DIRECTIONS:
Lines from the one containing "Drying Dishes by" through the final line of the data, restated word for word and free of pictures, make up the whole answer.

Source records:
┄┄┄┄┄┄┄┄┄┄┄┄┄┄┄┄┄┄┄┄
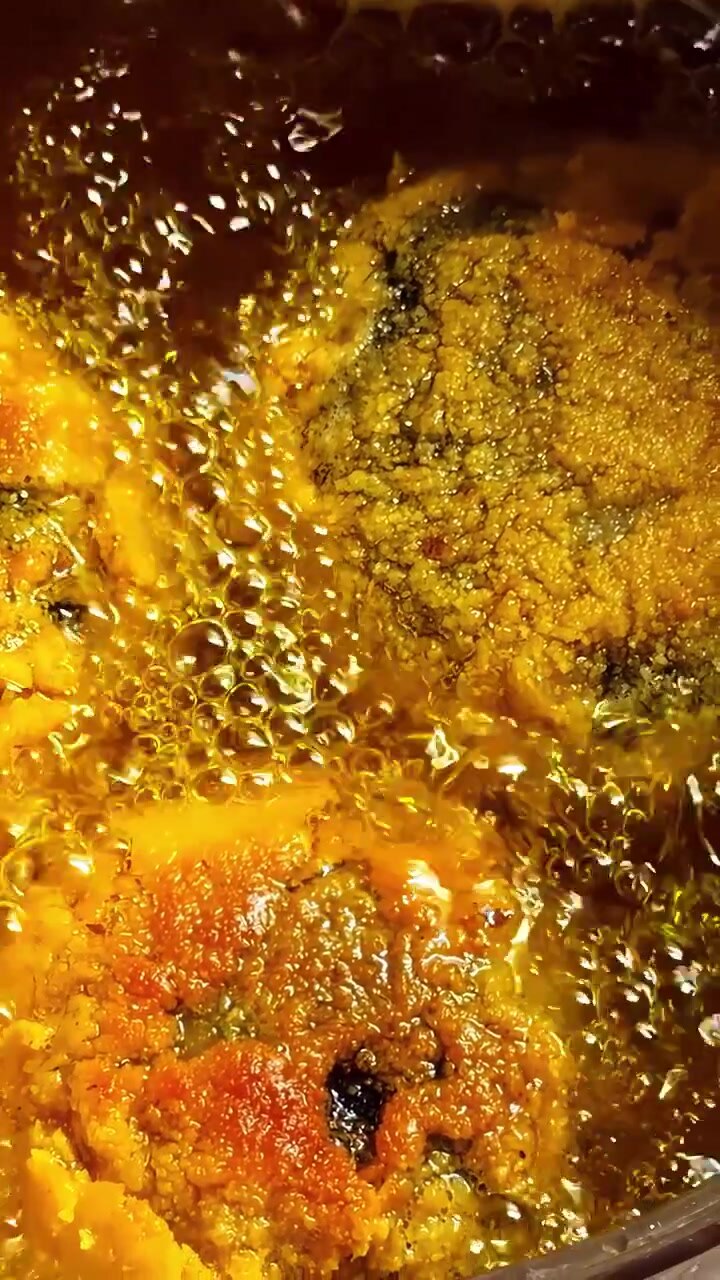 Extreme close up of golden breaded meat or vegetable cutlets sizzling in hot bubbling oil. Perfect for culinary documentaries, cooking tutorials, and food industry content.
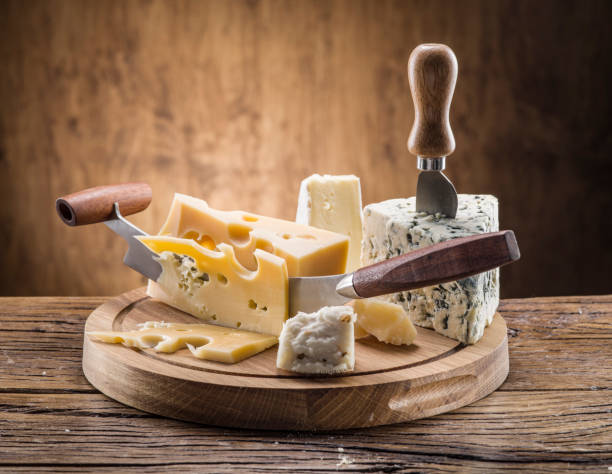 istock Variety of cheeses on a wooden board. 855334162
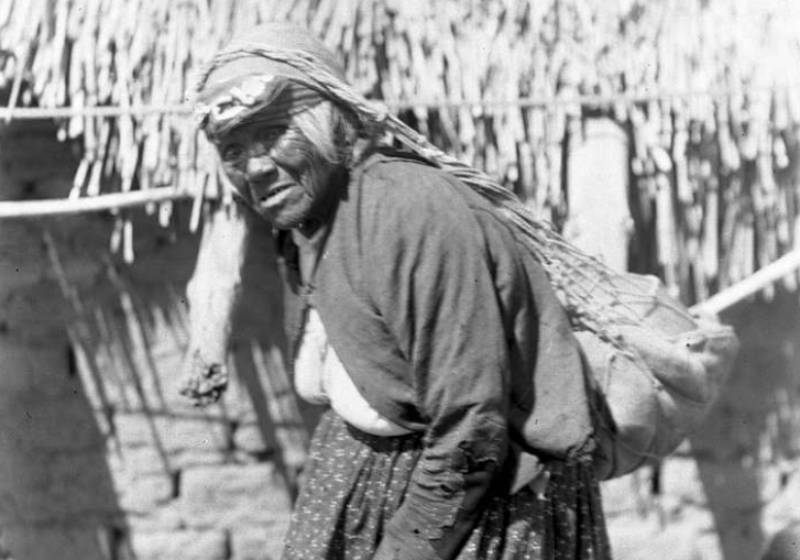 Coahuilla Indian woman carrying net suspended from her head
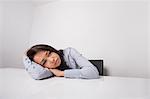 Tired businesswoman leaning at office desk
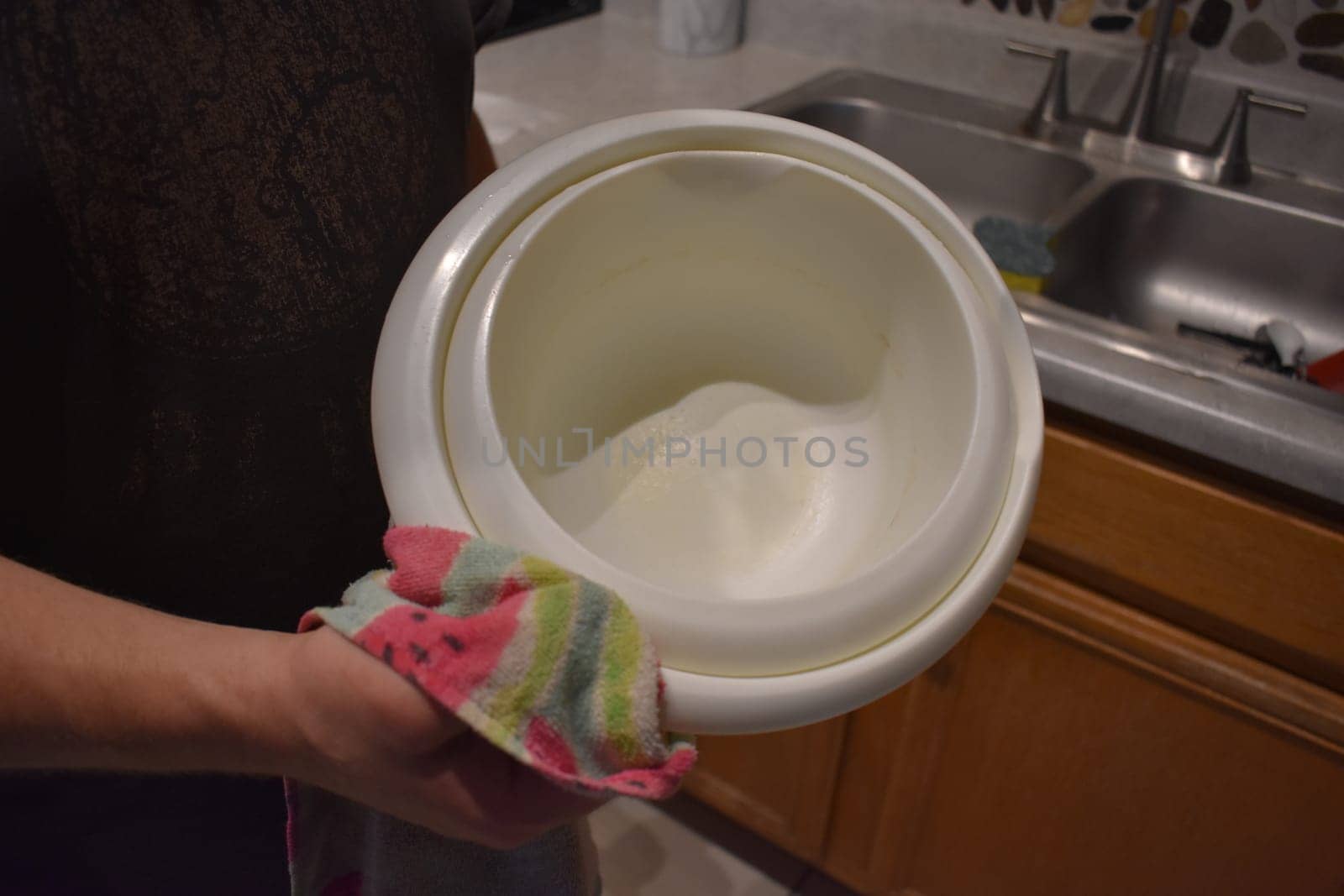 Drying Dishes by Hand with Towel in Kitchen at Home. High quality photo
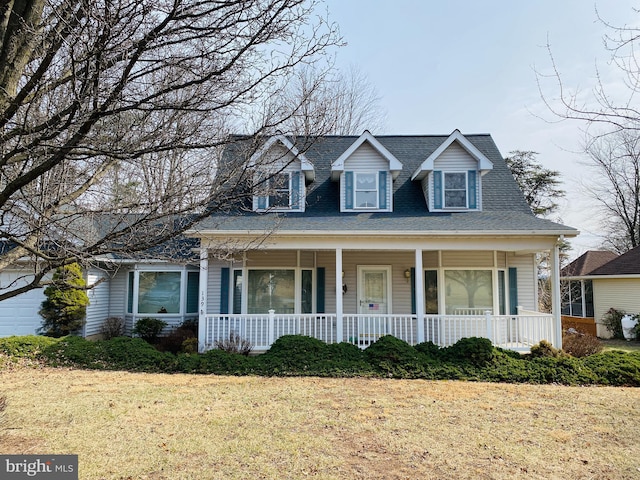 view of front of house featuring a porch and a shingled roof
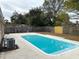 Relaxing pool area with a spacious deck and fenced backyard at 6985 82Nd N Ave, Pinellas Park, FL 33781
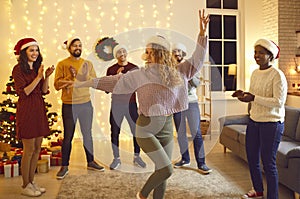 Group of happy multiracial friends dancing and having fun at Christmas party at home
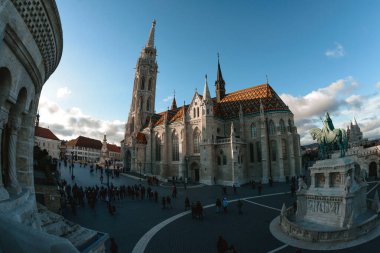 Budapeşte, Macaristan - 02 Ocak 2019: Turistler gün batımında Budapeşte 'deki Matthias Kilisesi' ni ziyaret edecekler ve önplanda Kral Stephen 'ın binicilik heykeli var.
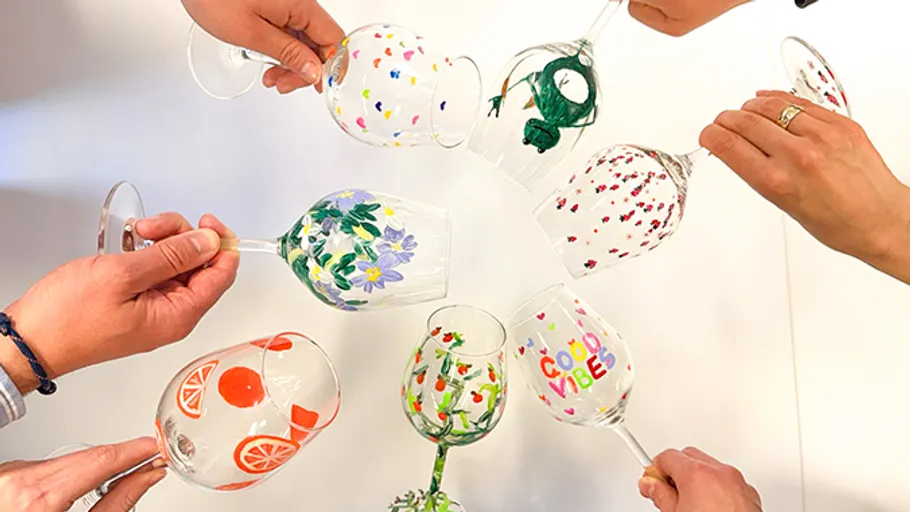 Hands holding decorated wine glasses in a circle.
┄┄┄┄┄┄┄┄┄┄┄┄┄┄┄┄┄┄┄┄
ANSWER TO THE EXERCISE:
 Drying Dishes by Hand with Towel in Kitchen at Home. High quality photo
 view of front of house featuring a porch and a shingled roof
 Relaxing pool area with a spacious deck and fenced backyard at 6985 82Nd N Ave, Pinellas Park, FL 33781
 Group of happy multiracial friends dancing and having fun at Christmas party at home
 Budapeşte, Macaristan - 02 Ocak 2019: Turistler gün batımında Budapeşte 'deki Matthias Kilisesi' ni ziyaret edecekler ve önplanda Kral Stephen 'ın binicilik heykeli var.
 Hands holding decorated wine glasses in a circle.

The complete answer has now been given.